I don’t think anything here is going to be too difficult to make some improvements on. Compost, manure, and worm castings applied regularly should improve most of these numbers over time. But they are so low to begin with that I’m going to give each bed some additional amendments to improve how my soils function.
I’m balancing a few concerns here. I want to
- prioritise organic-based options
- add as few things as possible
- keep costs down
- avoid making the world to suck more because of my choices.
Gardening is also a long-term activity. The decisions I make now will be checked up on in a couple of years with a follow-up test. Adjusting one thing can affect another, so not everything needs to be solved right now. Overall improvement may take decades.

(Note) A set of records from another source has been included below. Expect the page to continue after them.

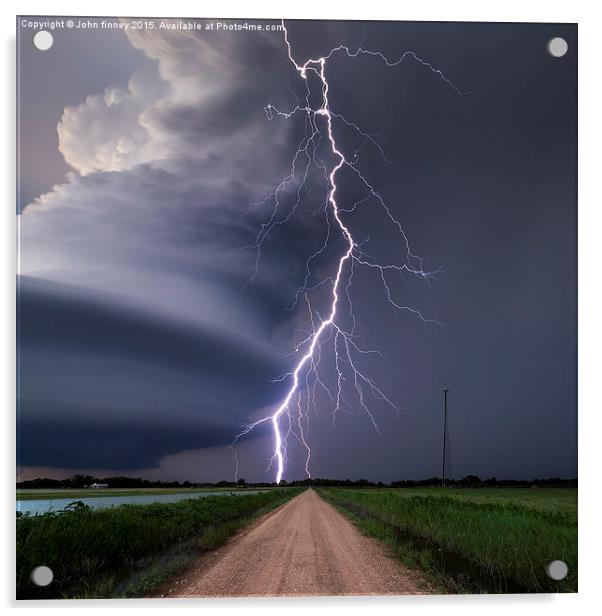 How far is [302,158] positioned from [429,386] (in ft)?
10.3

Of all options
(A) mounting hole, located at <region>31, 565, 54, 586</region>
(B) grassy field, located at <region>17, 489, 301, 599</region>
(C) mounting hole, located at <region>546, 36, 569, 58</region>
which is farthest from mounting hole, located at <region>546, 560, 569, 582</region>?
(C) mounting hole, located at <region>546, 36, 569, 58</region>

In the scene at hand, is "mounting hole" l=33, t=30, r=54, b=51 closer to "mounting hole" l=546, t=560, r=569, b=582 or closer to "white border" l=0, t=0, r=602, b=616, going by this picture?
"white border" l=0, t=0, r=602, b=616

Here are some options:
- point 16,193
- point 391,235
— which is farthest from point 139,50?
point 391,235

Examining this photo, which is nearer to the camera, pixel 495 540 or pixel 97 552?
pixel 97 552

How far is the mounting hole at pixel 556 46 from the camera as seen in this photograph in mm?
6570

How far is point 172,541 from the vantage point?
25.8 feet

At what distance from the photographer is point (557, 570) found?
6094mm

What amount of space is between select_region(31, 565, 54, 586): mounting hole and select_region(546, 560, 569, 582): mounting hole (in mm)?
5384

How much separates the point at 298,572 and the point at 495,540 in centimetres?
236

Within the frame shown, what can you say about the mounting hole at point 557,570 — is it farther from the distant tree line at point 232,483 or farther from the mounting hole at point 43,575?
the mounting hole at point 43,575

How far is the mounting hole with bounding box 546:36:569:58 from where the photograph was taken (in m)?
6.57

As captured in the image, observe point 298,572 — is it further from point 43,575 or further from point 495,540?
point 43,575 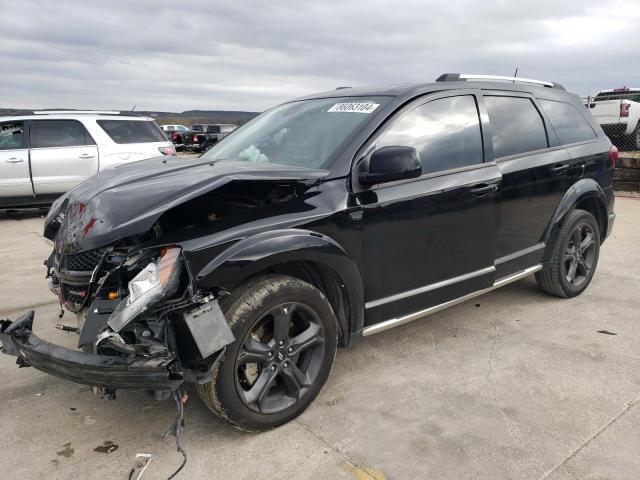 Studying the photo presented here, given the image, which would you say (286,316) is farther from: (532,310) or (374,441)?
(532,310)

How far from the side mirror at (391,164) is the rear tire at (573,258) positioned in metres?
2.16

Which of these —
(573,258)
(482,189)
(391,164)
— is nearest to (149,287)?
(391,164)

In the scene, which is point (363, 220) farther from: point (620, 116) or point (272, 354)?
point (620, 116)

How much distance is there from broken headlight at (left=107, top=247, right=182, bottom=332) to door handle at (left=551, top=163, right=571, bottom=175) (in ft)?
10.4

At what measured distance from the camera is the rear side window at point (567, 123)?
4402 millimetres

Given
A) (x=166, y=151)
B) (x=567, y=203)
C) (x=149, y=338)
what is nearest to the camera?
(x=149, y=338)

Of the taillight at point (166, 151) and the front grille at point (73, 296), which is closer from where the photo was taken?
the front grille at point (73, 296)

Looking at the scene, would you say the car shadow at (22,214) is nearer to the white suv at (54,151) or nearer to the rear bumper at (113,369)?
the white suv at (54,151)

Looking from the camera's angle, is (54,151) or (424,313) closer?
(424,313)

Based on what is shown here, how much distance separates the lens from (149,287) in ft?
7.45

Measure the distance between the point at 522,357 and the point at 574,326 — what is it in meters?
0.81

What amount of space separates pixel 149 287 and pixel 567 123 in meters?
3.86

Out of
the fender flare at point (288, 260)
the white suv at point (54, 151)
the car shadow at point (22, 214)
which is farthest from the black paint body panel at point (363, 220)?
the car shadow at point (22, 214)

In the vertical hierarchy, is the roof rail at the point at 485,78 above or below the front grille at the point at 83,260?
above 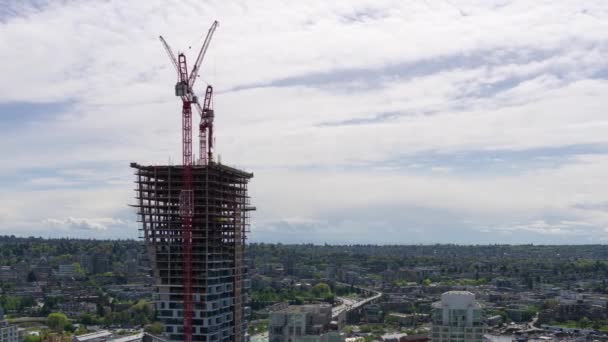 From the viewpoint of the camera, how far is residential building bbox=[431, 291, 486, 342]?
11362cm

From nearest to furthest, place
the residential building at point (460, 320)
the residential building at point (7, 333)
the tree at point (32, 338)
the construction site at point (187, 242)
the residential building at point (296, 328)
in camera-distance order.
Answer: the construction site at point (187, 242)
the residential building at point (460, 320)
the residential building at point (296, 328)
the residential building at point (7, 333)
the tree at point (32, 338)

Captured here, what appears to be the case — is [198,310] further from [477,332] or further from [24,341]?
[24,341]

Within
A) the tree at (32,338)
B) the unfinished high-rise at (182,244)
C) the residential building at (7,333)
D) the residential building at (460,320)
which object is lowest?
the tree at (32,338)

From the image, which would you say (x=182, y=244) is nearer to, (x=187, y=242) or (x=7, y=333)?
(x=187, y=242)

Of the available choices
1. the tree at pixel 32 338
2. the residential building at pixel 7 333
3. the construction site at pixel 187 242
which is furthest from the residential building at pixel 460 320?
the tree at pixel 32 338

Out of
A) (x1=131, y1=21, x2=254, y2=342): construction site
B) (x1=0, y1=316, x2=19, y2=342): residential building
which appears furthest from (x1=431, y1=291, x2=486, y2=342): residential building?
(x1=0, y1=316, x2=19, y2=342): residential building

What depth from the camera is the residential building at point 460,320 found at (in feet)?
373

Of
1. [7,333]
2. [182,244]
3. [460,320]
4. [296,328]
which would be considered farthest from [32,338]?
[460,320]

So with those criteria in mind, let’s get into it.
pH is probably the first factor to consider when thinking about what I want to do. pH has a major effect on a plant’s ability to take up nutrients to begin with. Each plant has a different ‘ideal’ pH, but in general, being between 6 and 7 is good.
We have a pH of 6.44. This is some of the best news from the soil test. Often areas that were once New Zealand native bush are very acidic, but my garden is near perfect.
Our measurement means we have some room to move either way. That’s worth knowing when applying amendments which might change or be affected by the pH.
Ideal: 40-80 (Nitrate), 40-80 (Ammonia)
Our reading: 2 (Nitrate), 11 (Ammonia)
Nitrogen is a macronutrient found everywhere, but it needs to be ‘fixed’ in the soil for the plants to access it. Plants need heaps of nitrogen. It helps with chloroform production, which is the plant’s main source of energy. Too much nitrogen makes your plants very leafy, but with too little, they’ll struggle to grow at all.
Nitrogen is measured in the test as both nitrate and ammonia. Nitrate can be fixed by adding fertiliser, but ammonia is really a measurement of the bacteria and fungi in my soil who produce it as they digest organic matter. The soil test shows my garden naturally sucks at both.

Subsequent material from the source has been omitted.